By: Staff Writer
April 21, Colombo (LNW): In 2025, Sri Lanka’s Employees’ Provident Fund (EPF)—the retirement fund for private sector workers managed by the Central Bank—has emerged as a standout performer in terms of real returns, despite being part of the government’s broader domestic debt restructuring (DDR) initiative. This marks a significant moment for the fund, with implications for both savers and economic policy observers.
In 2024, the EPF declared an 11% interest rate on member balances, following an even higher 13% return in 2023. While nominal returns were slightly lower this year, deflationary conditions amplified their real value.
The Colombo Consumer Price Index registered a 1.7% decline in prices during 2024, largely due to a deflationary monetary stance and the strengthening of the Sri Lankan rupee. Consequently, the real return on EPF balances hit 12.7%—the highest in recent memory—up from 9% in 2023.
This performance comes amid tight monetary policies adopted by the Central Bank since September 2022, including the appreciation of the rupee from 363 to below 300 by the end of 2024. These policies, coupled with easing global commodity prices due to improved U.S. monetary policy, helped suppress inflation.
As a result, the EPF delivered double-digit real returns for the first time in decades—an exceptional achievement for a state-managed retirement fund.Despite undergoing debt restructuring as part of the IMF-supported program to reduce rollover risk, the EPF has managed to both preserve capital and enhance its real value.
The restructuring involved trading in existing government bonds for lower-yield alternatives or facing a 30% tax on income, up from 14%. The Central Bank opted to exchange bonds, mitigating the tax burden while maintaining stability in returns.

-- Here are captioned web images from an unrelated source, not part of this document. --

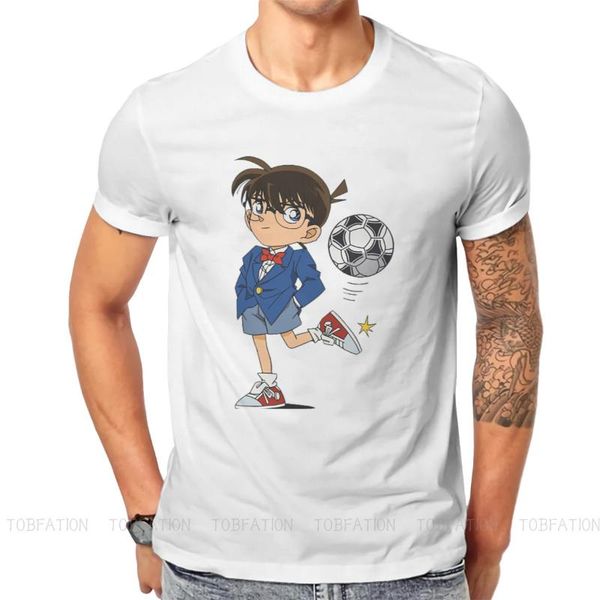 

men's t-shirts playing fashion tshirts detective conan case closed anime male harajuku fabric streetwear t shirt o neck oversized, White;black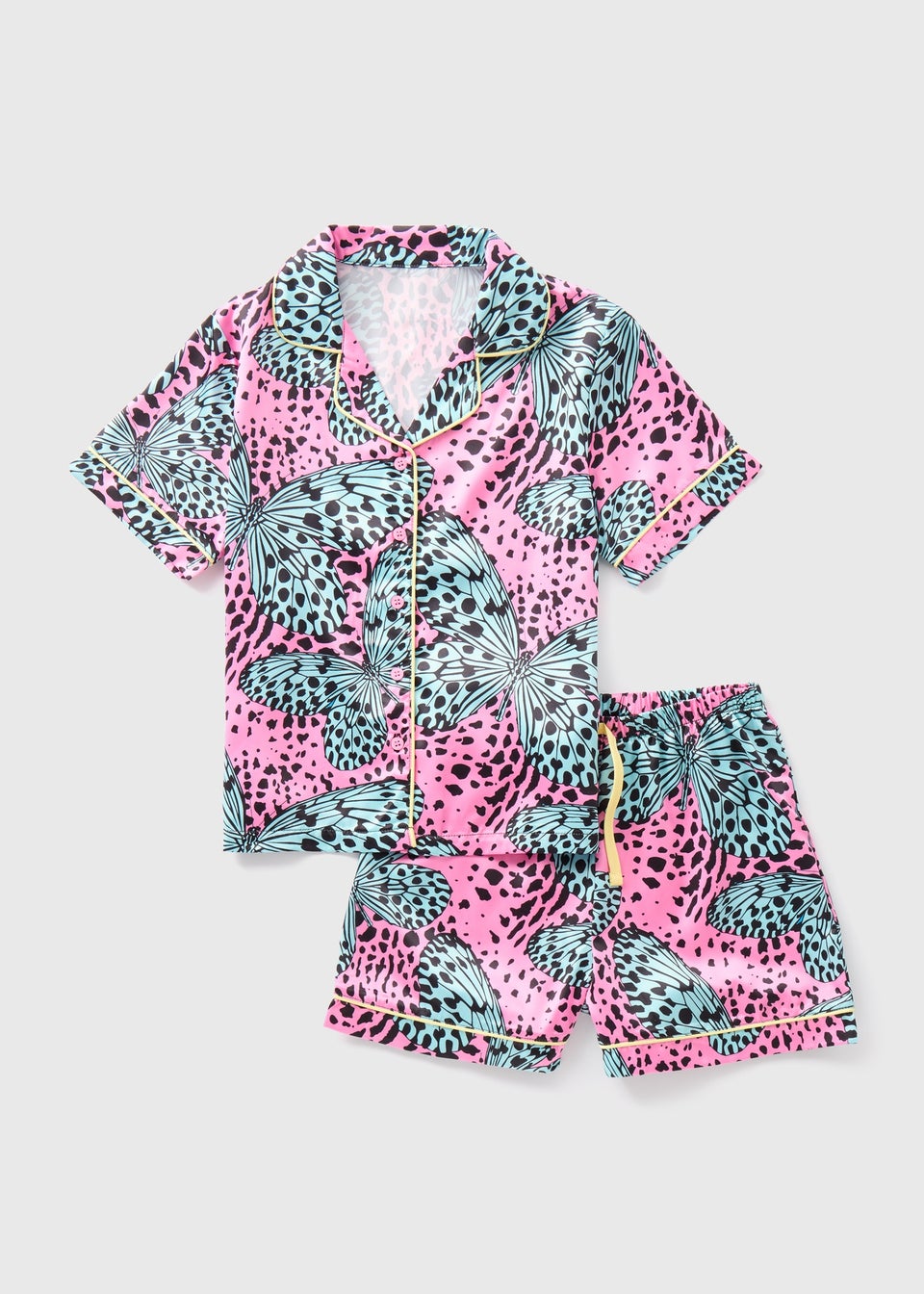 Girls Blue Butterfly Print Satin Pyjama Set (4-13yrs)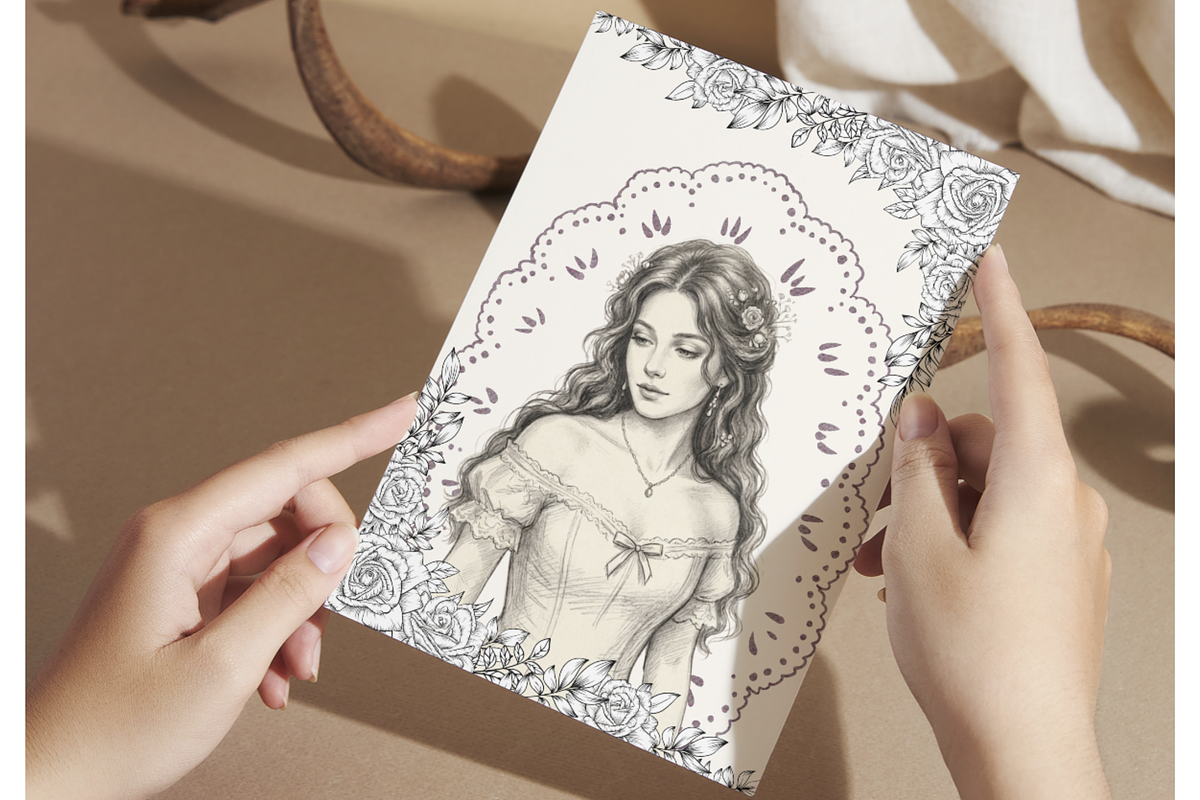 Vintage Portrait Notebook Covers PNG, a Decorative Illustration by Pink_bloom (Photo 1 of 13)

In terms of financial performance, the EPF reported a 2.9% increase in interest income, reaching Rs. 455.1 billion. Dividend income rose sharply by 82.9% to Rs. 5.5 billion, and fair value gains on listed equities nearly doubled to Rs. 49.2 billion, highlighting a healthy performance in its equity portfolio alongside its traditional government securities investments.
The broader monetary environment remains a concern. Under a new legal framework, the Central Bank is now targeting 5% inflation annually, with a permitted ceiling of 7%. Critics argue that this risks a return to inflationary conditions, undermining purchasing power—especially for retirees and low-income earners.
Historically, stable or deflationary environments yielded real interest rates equal to nominal ones. Economists caution that reintroducing inflation could reignite social unrest, especially if essential costs like food rise disproportionately.
As 2025 progresses, the EPF’s strong real returns and stable asset base offer a rare positive indicator in Sri Lanka’s economic recovery, though its future sustainability will depend on careful navigation of monetary policy, inflation targeting, and continued protection during fiscal consolidation efforts.